Self-reflection quality depends on the LLM's capability to reason about outcomes.
Computationally more expensive than simple SFT due to rollout generation.
Performance gains vary across environments (smaller gains on open-ended web tasks like WebArena).

Reproducibility

Not yet released (paper promises code but no URL provided). Missing: Exact learning rates, batch sizes, and prompt templates for all baselines. Expert trajectory counts are provided.

📊 Experiments & Results

Evaluation Setup

8 diverse environments spanning embodied agents, web navigation, and tool use.

Benchmarks:

ALFWorld (Embodied instruction following)
WebShop (E-commerce web navigation)
ScienceWorld (Scientific experiment simulation)
TravelPlanner (Long-horizon planning)
BFCLv3 (Multi-turn tool use)
Tau-Bench (Customer service API interaction)
SearchQA (Multi-hop QA with search)
WebArena-Lite (Open web navigation)

Metrics:

Success Rate (SR)
F1 Score
Statistical methodology: Not explicitly reported in the paper

Key Results

Benchmark	Metric	Baseline	This Paper	Δ
Effectiveness results show Early Experience methods (IWM and SR) consistently outperforming Imitation Learning across diverse benchmarks.
WebShop	Success Rate	41.8	60.2	+18.4
TravelPlanner	Success Rate	17.2	32.2	+15.0
ScienceWorld	Success Rate	54.7	68.0	+13.3
ALFWorld	Success Rate	78.1	85.9	+7.8
Out-of-domain (OOD) generalization tests show that models trained with Early Experience adapt better to unseen scenarios than imitation baselines.
SearchQA (OOD)	F1	40.5	45.4	+4.9
BFCLv3 (OOD)	Success Rate	5.3	13.8	+8.5
RL Warm-up experiments demonstrate that Early Experience checkpoints serve as better initializations for GRPO than standard Imitation Learning checkpoints.
ALFWorld	Success Rate	91.4	99.2	+7.8

Main Takeaways

IWM (Implicit World Modeling) excels in environments with stable dynamics (e.g., WebShop), helping agents internalize transition rules.
SR (Self-Reflection) dominates in tasks requiring complex reasoning and long-horizon planning (e.g., TravelPlanner), where logic errors are more common than dynamics errors.
Early Experience reduces data requirements: WebShop agents match full-data imitation performance using only 1/8th of the expert data.
Scaling benefits: Gains persist across model sizes (3B to 70B), with Early Experience consistently shifting the scaling curve upwards.

📚 Prerequisite Knowledge

Prerequisites

Imitation Learning / Behavior Cloning
Reinforcement Learning basics (MDPs, exploration)
Language Model Fine-tuning (Next-token prediction)

Key Terms

Early Experience: A training paradigm where agents learn from the future states generated by their own actions, using them as supervision without external rewards.

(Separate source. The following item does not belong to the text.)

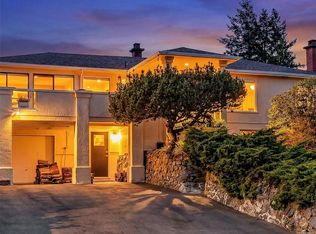 916 Claremont Ave, Saanich, BC V8Y1K3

Implicit World Modeling: Training the policy to predict the next state (token sequence) given a current state and action, helping it internalize environment dynamics.

Self-Reflection: A method where the agent compares its own sampled action to an expert action, using the observed outcomes to generate a natural language explanation of why the expert choice was better.

GRPO: Group Relative Policy Optimization—a reinforcement learning algorithm used here to validate that early experience provides a better starting point for RL.

SFT: Supervised Fine-Tuning—training a model on expert demonstrations (also called Imitation Learning).

Rollout: A sequence of interactions generated by the agent acting in the environment.

DOM: Document Object Model—the structural representation of a webpage used in web navigation tasks.

Chain-of-Thought: Intermediate reasoning steps generated by the model before producing the final action.